Do you see any practical benefits of replacing the dict with a dataclass, apart from correctness? I think the use of TypedDict partly solves the static structure problem.

I try to follow semantic versioning, but Loguru has been in 0.x.y since one year. Although there is no guarantee per semver specs, the API looks quite stable at that point.

I would like to publish a version implementing C extension for improved logging performance before releasing v1.

Delgan avatar Nov 22 '19 10:11 Delgan

Your mention of TypedDict is the first I'd heard about it (seems cool!), but reading that PEP, yes, it seems like a step in the right direction:

  • Value types can be checked
  • Unspecified new keys will cause a type checker error to be raised
  • If total=True, the default, all keys must exist or else type checker error is raised
  • (I wonder if a type checker would complain about deleteing a specified key? Not in front of an editor at the moment to check)
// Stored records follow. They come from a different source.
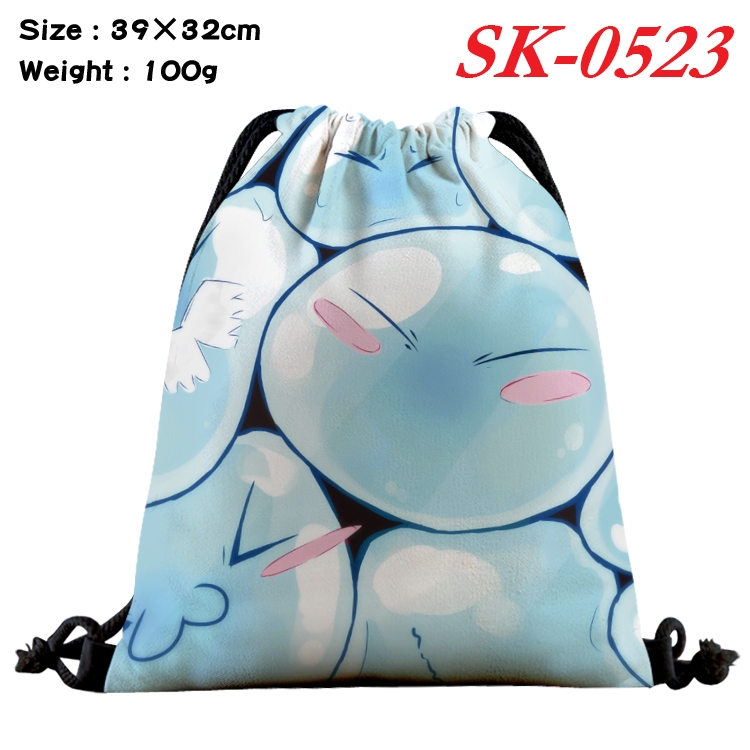 That Time I Got Slim cartoon Waterproof Nylon Full Color Drawstring Pocket 39x32cm SK-0523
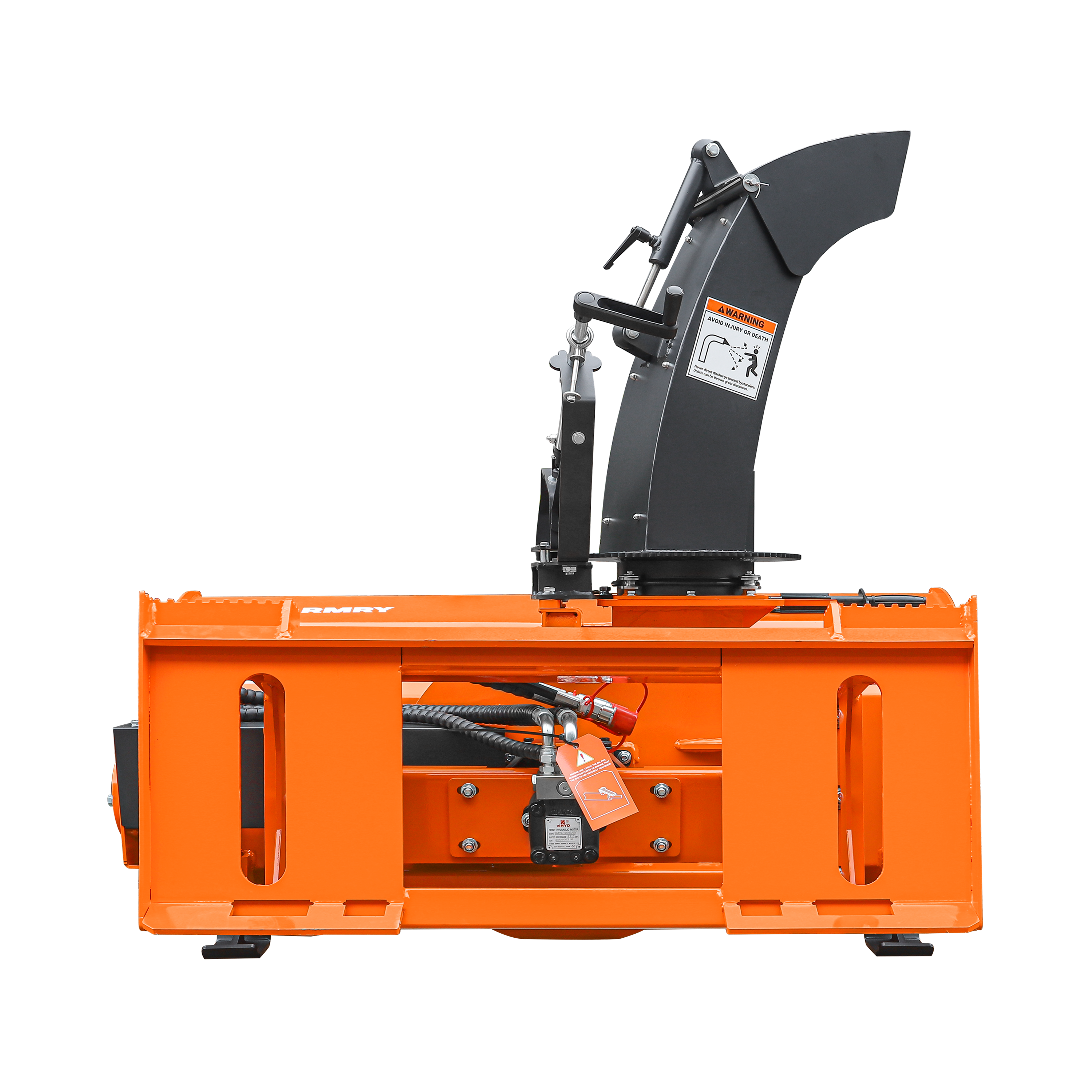 60" Skid Steer Snow Blower, 30-75 HP, REQ. Hydraulic Flow 16-21 GPM, 22" Diameter Impeller, Manual 360° Snow Chute, Snow Shovel for JAM Clearance Included, SSB60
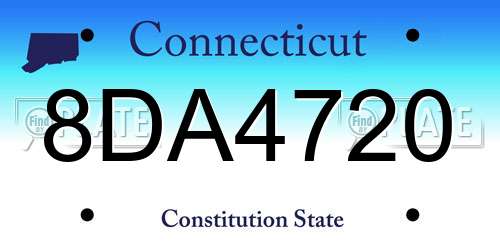 8DA4720 Connecticut License Plate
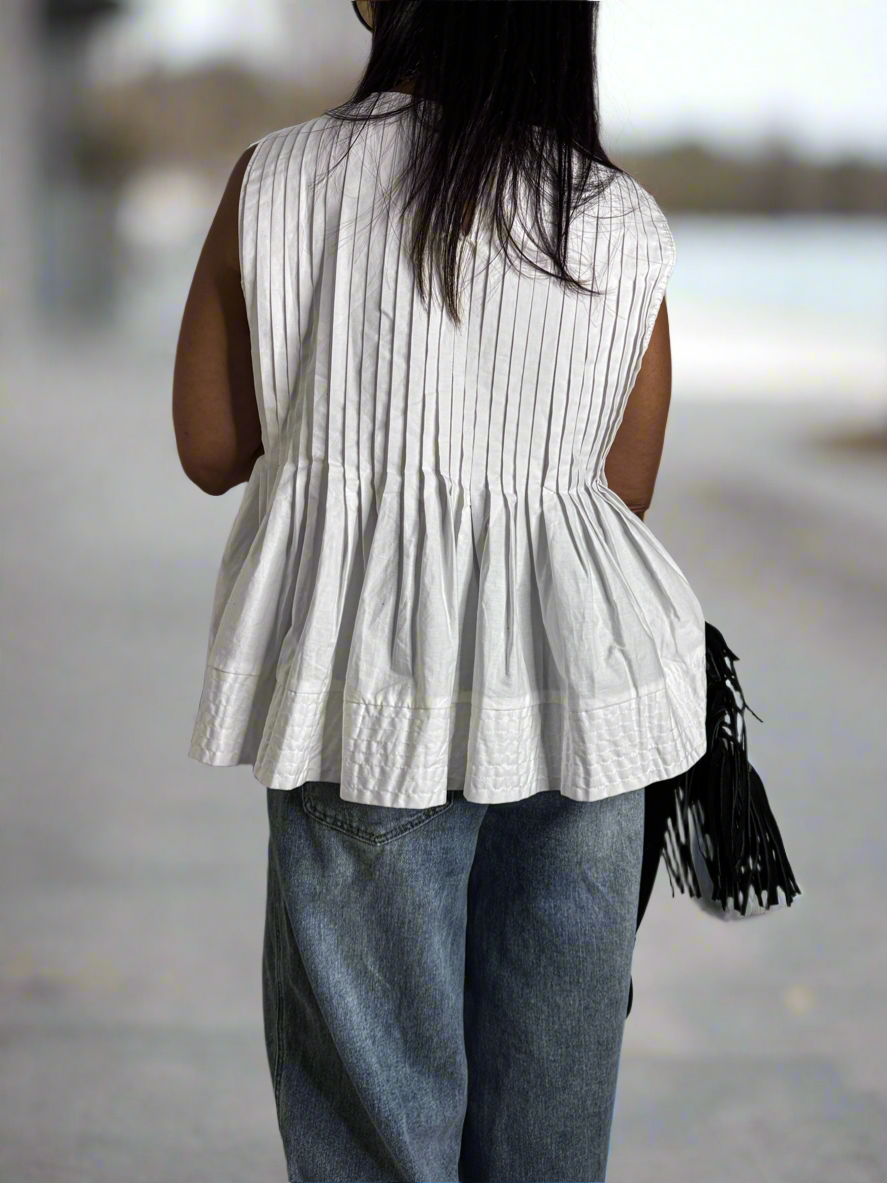 Pleated Peplum Top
One thing that caught my eye in the PEP is:

Dataclasses are a more recent alternative to solve this use case, but there is still a lot of existing code that was written before dataclasses became available, especially in large existing codebases where type hinting and checking has proven to be helpful.

It kind of seems like they're saying code written since dataclasses have been released should be using dataclasses for this use case. Hehe, sorry. I'm not completely happy with TypedDict, but am definitely happiER.

t-mart avatar Nov 22 '19 11:11 t-mart